I looked forward to several more years of economical fun, but it was not to be.  At the end of my second summer with the car, we had plans to drive to Fort Wayne for Labor Day weekend, which was always a Three-fer for us.  We could visit my mother, we could visit my dad at his lake place and we (actually I) could spend time at the classic car auction that was part of the annual Auburn-Cord-Duesenberg festival weekend.  I planned to leave work a little early on Friday and we would take the Honda up north.

It was a beautiful, sunny Friday morning as I drove to work.  The drive from home to office was scenic and relaxing.  The weather was comfortable and my window was down.  About six blocks from my house saw me on a 4 lane residential boulevard.  A city bus was slowing for a bus stop in the curb lane and I was going past it in the inside lane.  That was when I saw the black Ford Tempo.  Its driver, at a stop sign on the side street to my right, saw the bus stopping and saw his break in traffic to start his left turn to go in the direction opposite me.  He saw the bus but did not see that I was behind the bus – until it was too late.  I was going maybe 30 or 35 and there was nothing to do but stand on the brake pedal as I t-boned the black Tempo.

I will never, ever forget the strong  embrace of the three-point seat belts which arrested my otherwise-certain meeting with the steering wheel and windshield.  My first thought was “what a great day to not be driving the Model A or the Thunderbird, neither of which had any seat belts at all.  I had actually considered driving one of the beltless Fords because I was in an old-car-mood that morning.  But had decided against both of them because taking the Colt (which was parked out front at the curb) was less effort than getting one of the others out of the garage.

The police were called, reports were taken, and I was driven home in what has been my only ride in the back seat of a police car.  Jitters from a lack of coffee was my only injury but my little Colt was not so fortunate and went away on the back of a flatbed.  The other driver was at fault and his insurance company pronounced the Colt totaled.  I did not disagree with them, because it was a pretty hard hit of the right front corner of a FWD car.  An old, cheap FWD car.  Marianne did not cry about this one, which had originally been chosen more out of budget constraints than about what she really wanted.

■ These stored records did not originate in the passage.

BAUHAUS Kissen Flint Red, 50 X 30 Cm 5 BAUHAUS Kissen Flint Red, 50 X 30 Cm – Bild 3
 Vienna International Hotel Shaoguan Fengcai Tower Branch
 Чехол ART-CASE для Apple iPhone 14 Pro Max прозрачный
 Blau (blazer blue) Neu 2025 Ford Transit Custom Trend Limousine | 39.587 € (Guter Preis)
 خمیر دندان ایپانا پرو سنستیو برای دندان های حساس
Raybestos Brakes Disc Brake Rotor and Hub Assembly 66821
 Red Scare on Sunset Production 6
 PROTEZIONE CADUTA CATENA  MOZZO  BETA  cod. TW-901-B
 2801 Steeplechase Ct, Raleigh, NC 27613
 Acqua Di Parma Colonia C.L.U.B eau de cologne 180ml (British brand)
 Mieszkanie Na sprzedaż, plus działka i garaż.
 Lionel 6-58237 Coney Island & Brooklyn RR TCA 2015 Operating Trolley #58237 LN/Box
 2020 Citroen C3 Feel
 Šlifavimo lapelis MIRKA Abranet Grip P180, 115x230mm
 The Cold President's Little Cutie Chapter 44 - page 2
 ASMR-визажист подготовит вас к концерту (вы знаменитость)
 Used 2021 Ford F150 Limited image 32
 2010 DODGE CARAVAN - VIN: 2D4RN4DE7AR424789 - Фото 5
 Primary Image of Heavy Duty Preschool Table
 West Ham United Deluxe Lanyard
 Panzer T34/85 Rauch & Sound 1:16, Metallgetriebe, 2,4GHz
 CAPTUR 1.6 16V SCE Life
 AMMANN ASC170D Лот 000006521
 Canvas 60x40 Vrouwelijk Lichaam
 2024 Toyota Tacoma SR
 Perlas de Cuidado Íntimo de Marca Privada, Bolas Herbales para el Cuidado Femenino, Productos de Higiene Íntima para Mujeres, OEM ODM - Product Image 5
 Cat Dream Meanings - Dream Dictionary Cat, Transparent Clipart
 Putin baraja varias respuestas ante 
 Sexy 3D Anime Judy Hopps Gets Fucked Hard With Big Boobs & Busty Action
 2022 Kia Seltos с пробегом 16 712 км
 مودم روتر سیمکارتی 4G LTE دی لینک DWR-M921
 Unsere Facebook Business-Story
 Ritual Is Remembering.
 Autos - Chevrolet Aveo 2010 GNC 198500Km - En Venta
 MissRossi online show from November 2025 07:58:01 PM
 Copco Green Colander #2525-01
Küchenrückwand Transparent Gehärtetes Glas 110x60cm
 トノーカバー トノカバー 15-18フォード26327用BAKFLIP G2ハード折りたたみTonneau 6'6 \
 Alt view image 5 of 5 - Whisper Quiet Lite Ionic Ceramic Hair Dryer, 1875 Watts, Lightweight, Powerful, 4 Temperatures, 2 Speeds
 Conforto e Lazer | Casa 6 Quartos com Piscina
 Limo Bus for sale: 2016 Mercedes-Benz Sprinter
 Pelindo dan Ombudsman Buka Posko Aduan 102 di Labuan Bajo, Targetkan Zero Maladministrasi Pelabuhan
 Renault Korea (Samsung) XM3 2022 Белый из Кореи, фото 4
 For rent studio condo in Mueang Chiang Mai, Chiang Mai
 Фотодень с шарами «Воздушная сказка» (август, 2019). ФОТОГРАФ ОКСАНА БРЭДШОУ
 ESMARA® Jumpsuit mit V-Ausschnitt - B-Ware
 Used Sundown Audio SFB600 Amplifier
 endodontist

In the early 1990’s, older subcompact cars were not valuable items and I had to fight like crazy to get a reasonable payment from the insurer.  That is the downside of driving a really nice older car – all of the insurance value guides give prices for “average” cars.  They do not give prices for the exceptional ones.  It took a small claims suit to get them to an amount anywhere close to my car’s value, but we got there and that was that.

The postscript to the Colt story was that I got a rental while I looked for a replacement.  My rental was a fairly new Toyota Camry sedan, much like the one shown here.  It was a great chance to do a one-to-one comparison with the ’88 Accord that I had found so humdrum.  It was during my couple of weeks with that Camry that a switch was flipped and my preferences became clear – between Honda and Toyota, I would henceforth be a Honda Guy.  The Camry was nice and all, but it lacked the personality, the style and the driving dynamics of the Honda.  I didn’t expect the Camry to be as fun as the Colt.  But it was not even as fun as our Honda.  I still considered our Honda as a dull appliance, but my dullness meter was recalibrated after time with the Camry.  I remember looking at the dash and interior of the Camry as I was parked at the curb in front of my house one morning, thinking that it was the Oldsmobile Cutlass Ciera of Japanese cars.   From that moment forward I never again thought of the Accord as a snoozer.  Had I the opportunity to re- compare them at 15 years in the salty climate and 150k+ miles my switch might have flipped the other way, but we will never know.

Soon enough the rented Camry was replaced with my next set of cheap wheels.  Those cheap wheels would not be as fun as the Colt – but then few cars could be.  It would also not be as trouble-free as the Accord.  But that next car would be a lot more interesting than the Camry.